#### PROBLEM DESCRIPTION
Everything from the line holding "Disney Pink Long sleeve top sweat shirt" through the last line of the data, and nothing else, should be retyped exactly, with no pictures.
LISTED RECORDS: Begin
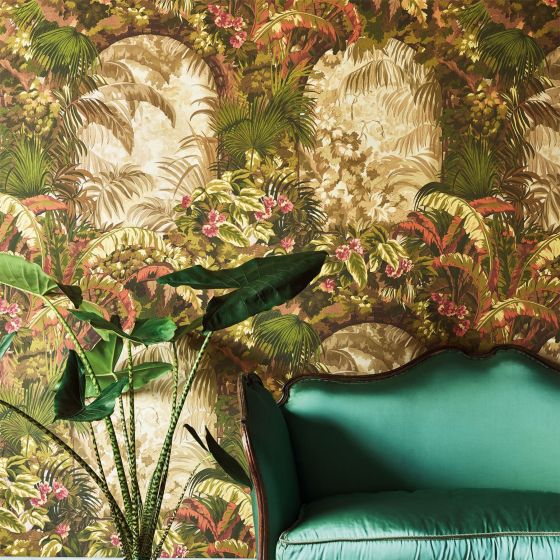 Hispalis Wallpaper 2005 by Cole & Son in Khaki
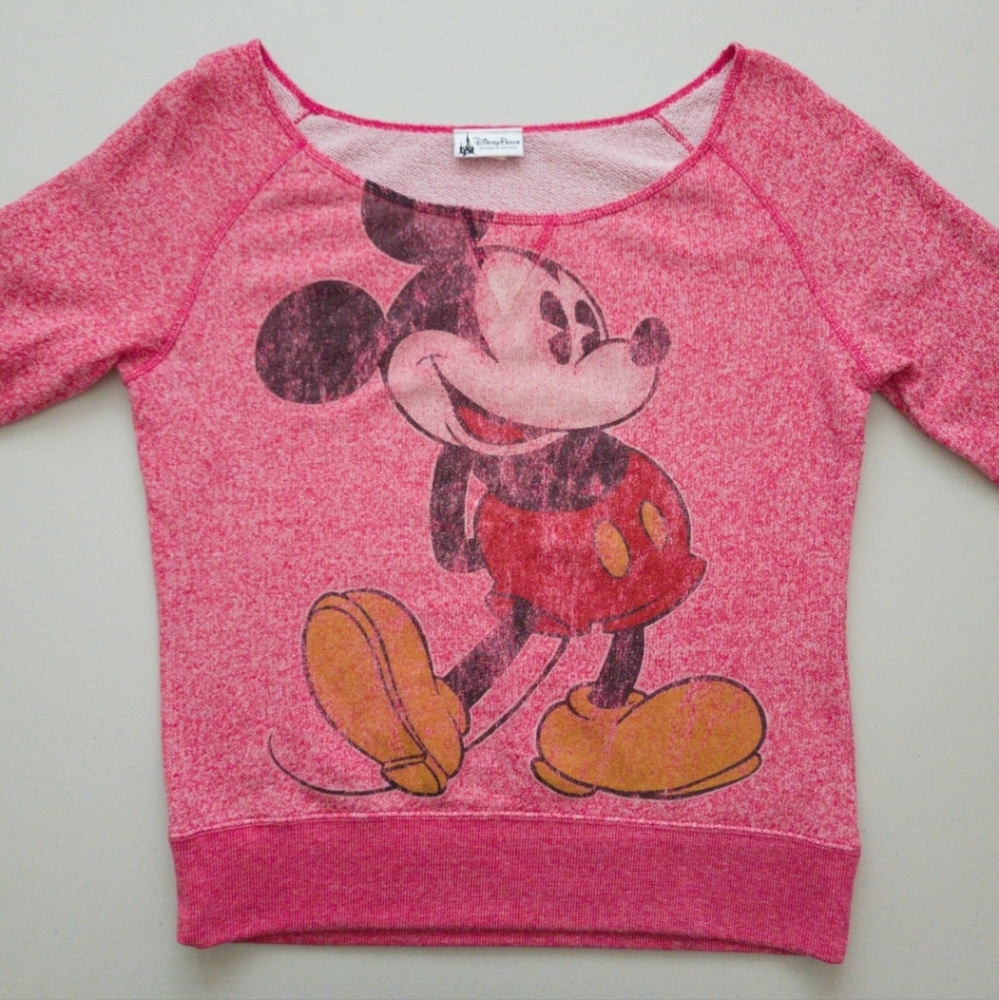 Disney Pink Long sleeve top sweat shirt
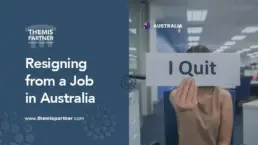 Resigning from job Australia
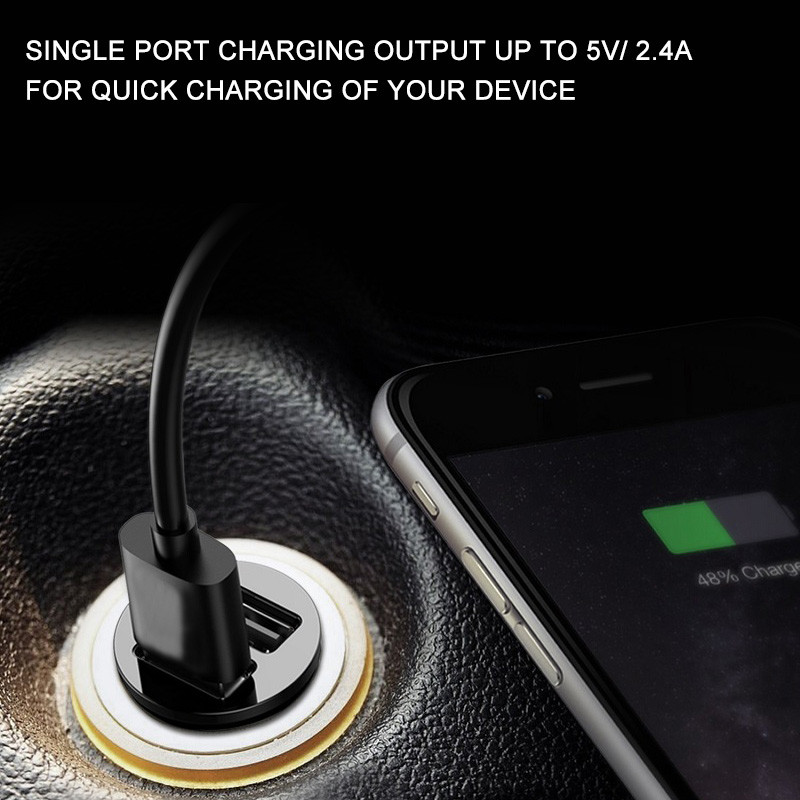 4.8A Dual USB CAR CHARGER Universal Compatible USB CAR CHARGER for all electronics cheap price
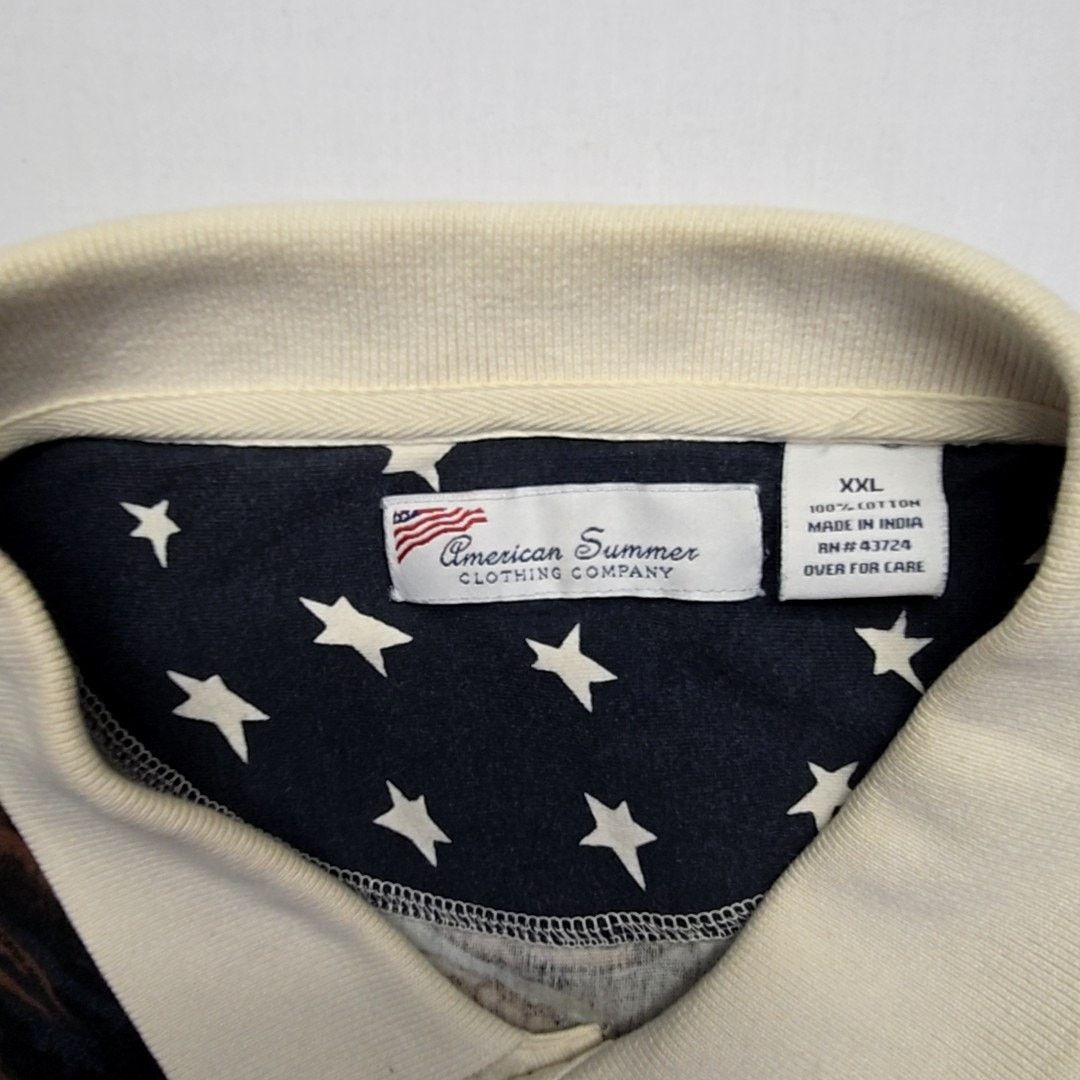 Other American Summer Eagle Flag Graphic Polo Patriotic AOP 2XL Size US XXL / EU 58 / 5 - 7 Thumbnail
LISTED RECORDS: End
#### FINISHED TASK
 Disney Pink Long sleeve top sweat shirt
 Resigning from job Australia
 4.8A Dual USB CAR CHARGER Universal Compatible USB CAR CHARGER for all electronics cheap price
 Other American Summer Eagle Flag Graphic Polo Patriotic AOP 2XL Size US XXL / EU 58 / 5 - 7 Thumbnail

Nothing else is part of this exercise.